Several CTIA attendees who visited the Motoblur booth said they had trouble understanding Motoblur or its value -- a reaction that could pose a challenge for T-Mobile USA, which will begin selling the Cliq nationwide on Nov. 2, at a price of $200.
However, spokeswomen for both T-Mobile and Motorola Inc. said they don't expect much confusion over Motoblur from buyers, whom they predict will mostly be in their 20s and 30s and will be interested in quick home page access to updates from friends and co-workers on various social networking sites, alongside their work e-mail or other applications. While that capability might not appeal to all ages and types of cell phone users, the younger, more socially connected group is clearly driving the explosion in data usage witnessed by the nation's wireless carriers.
In addition to combining applications on a single home screen, users of Motoblur will be able to keep up to five separate home screens a single swipe away from one another. That means, for example, that a user could put work applications on one home screen, then swipe left or right to use personal applications on another of the five screens.
People whose lives involve various jobs or roles, or who are active in various social networks, might find Motoblur's organization scheme valuable. Gartner Inc. analyst Ken Dulaney recently said that, with the Motoblur software and the Android operating system, the Cliq offered a good combination of the software functions available in the iPhone and Windows Mobile and Nokia phones.
What is evident with the Cliq and some other smartphones is that their designs are moving into a second or third stage of evolution where software services such as Motoblur, rather than hardware features, offer buyers new choices. That's a shift from two years ago, when the iPhone caught the world by storm with a radical new touch-screen design and related interface.
In fact, Motoblur software takes Motorola and the Cliq into an area of services that, until now, seemed to have been the domain of software companies like Yahoo Inc., which for a while has offered smartphone and cell phone tools that provide access to social networking sites, such as Facebook and Twitter, alongside e-mail on a single screen.
Yahoo focuses its application and services development on social networking and e-mail because they are the applications people always come back to, said David Ko, senior vice president for Yahoo Mobile in an interview. The My Favorites tab on Yahoo's mobile home page is an example of that, because it lets users see at a glance the social networking sites and e-mail accounts they use.
Such organization is valuable because when a user loads 60 or so applications onto a phone, he won't use all of them. "One thing we all have to think about as a trend is the potential for app fatigue," Ko said.

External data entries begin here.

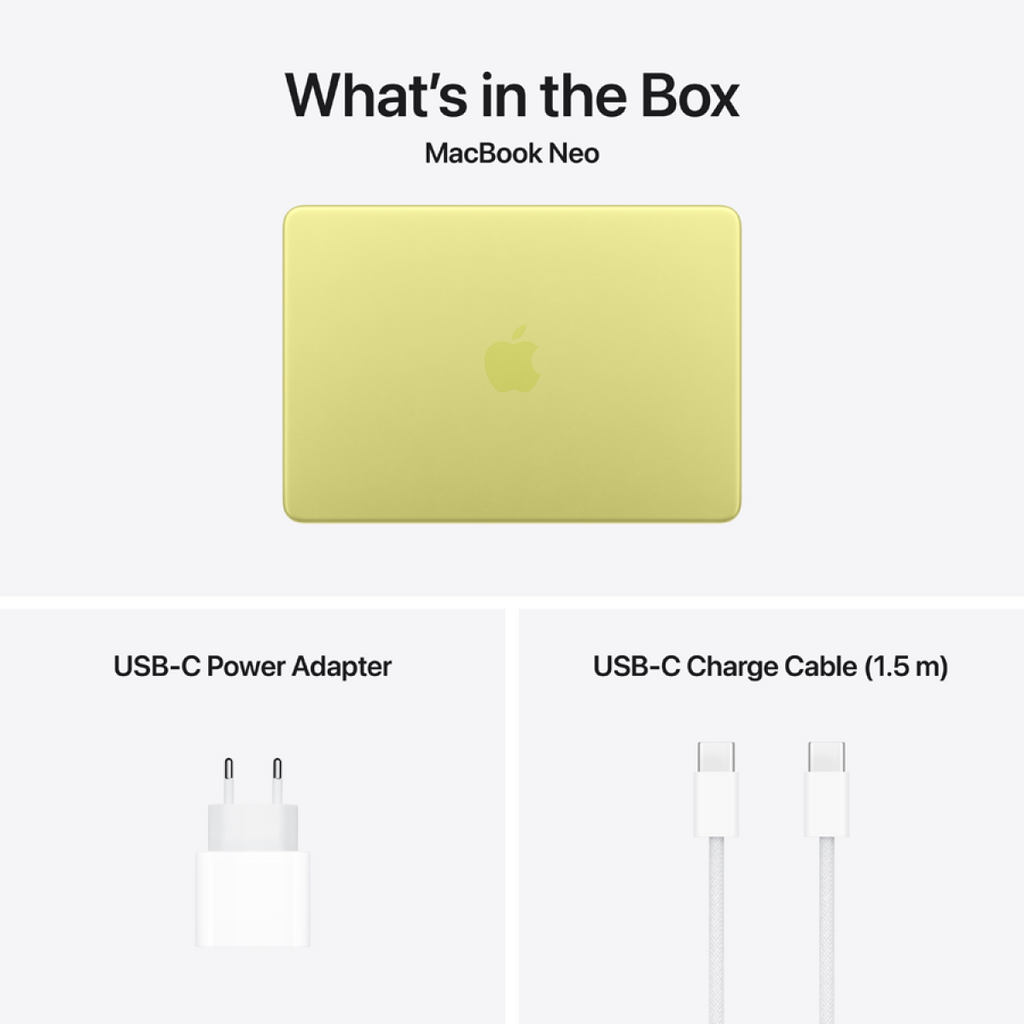 MacBook Neo 13-inch, Citrus, Model A3404, A18 PRO CHIP, 6C CPU, 5C GPU, 8GB unified memory, 20W ADAPTER, 256GB SSD storage, KEYBOARD-INT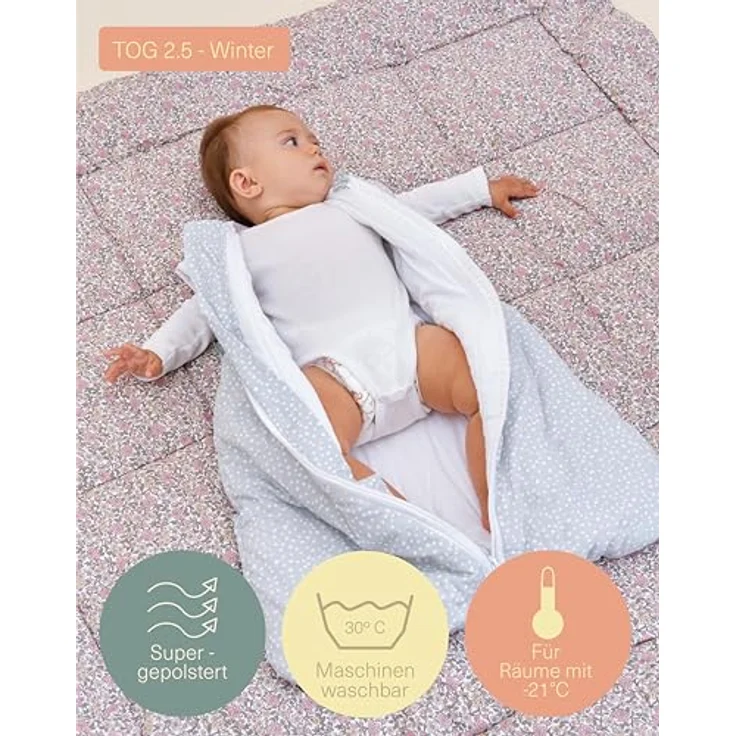 molis&co - Baby schlafsack ärmellos - Ideal für den Winter - Babyschlafsack tog 2.5 ohne Ärmel - 100% Baumwolle (Oeko-TEX 100), Premium Qualität - Grey Print (95 cm, 18-36 Monate) – Bild 5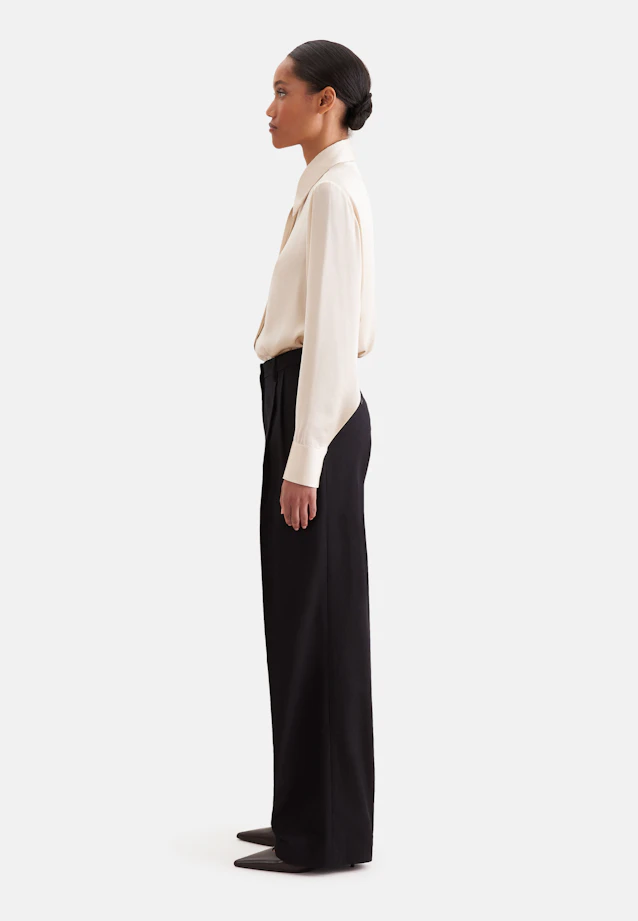 Pleated trousers in cotton twill in Schwarz |  Seidensticker Onlineshop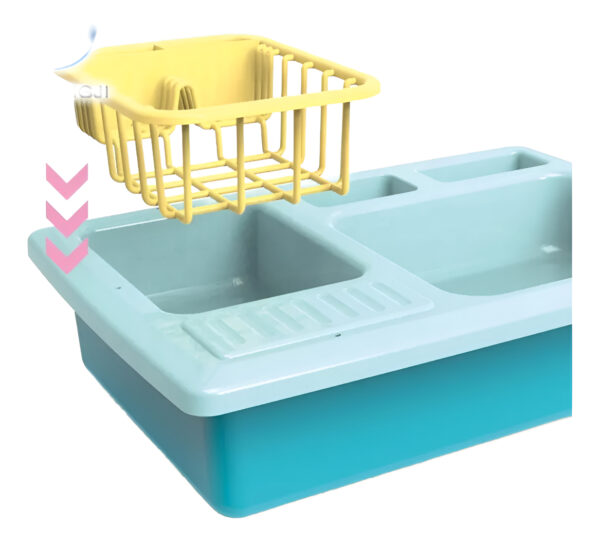 Juguete Pileta Cocina Lavador Canilla Con Accesorios - Imagen 3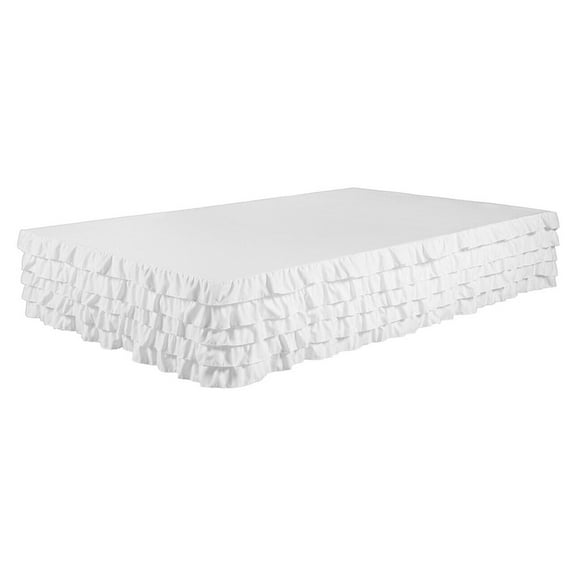 Legacy Decor Bed Skirt Tiered Dust Ruffle 100% Brushed Microfiber with 14” Drop, Twin Size, White Color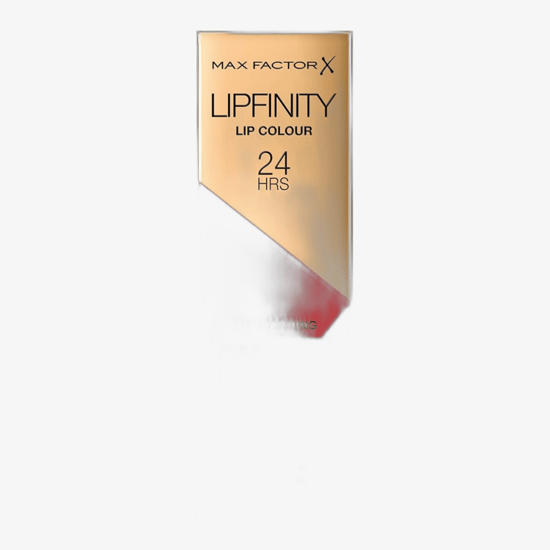 Close-up of Max Factor Lipfinity Lip Colour 24HRS (140 Charming) packaging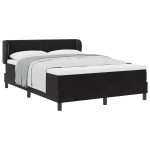 Pat cu saltea vidaXL Black 140x200 cm Catifea Pat cu saltea vidaXL Black 140x200 cm Catifea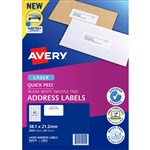 AVERY 959115 L7651 QUICK PEEL ADDRESS LABEL WITH SURE FEED LASER 65UP WHITE PACK 40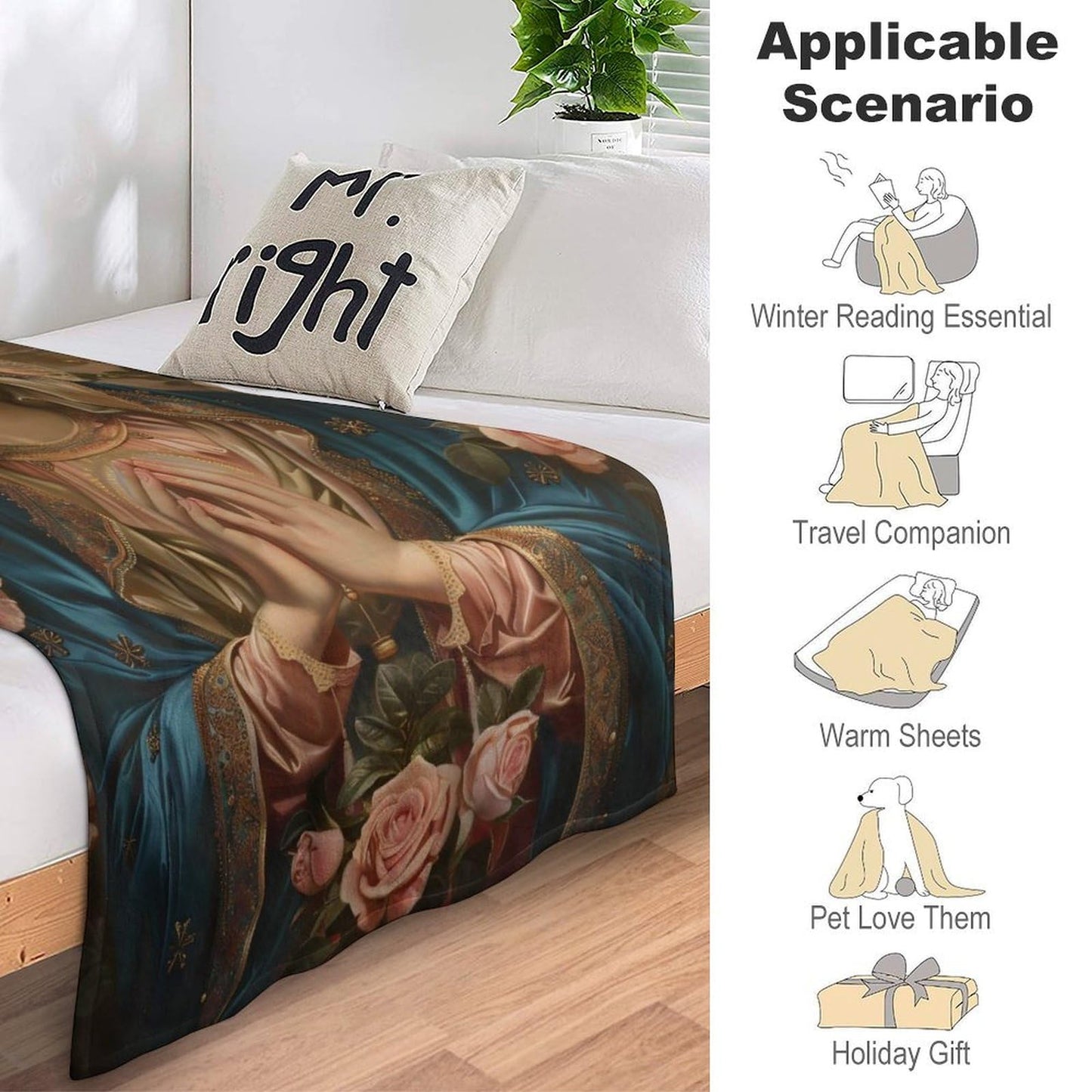 eiffecho Virgin Mary Throw Blanket Catholic Religious Faith Prayer Print Blankets Gifts for Couch Sofa Stuff Decor Cozy Fleece Plush Flannel Bedding for Lover Men Women Adults 40"x50"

Yahoo's My favorites tab is similar to what Motoblur is beginning to do, although Motoblur was designed by a cell-phone maker. In effect, Motoblur is a sign that Motorola is looking at smartphones in the same way that Apple Inc. did when it designed a complete hardware and software package for the iPhone.
In an interview, Ko seemed reluctant to say that Yahoo could be competing with Motorola and Motoblur. Yahoo, he said, is focused on developing applications and services, not on getting into new product areas like mobile phone software. And he was diplomatic in describing what Motorola seems to be doing.
"Motorola to me is known for selling handsets," Ko said. "Today, if they want to go and think about how they want to develop different things to increase adoption, that's great and will only help the ecosystem. We will continue to partner with them to make sure our services work well."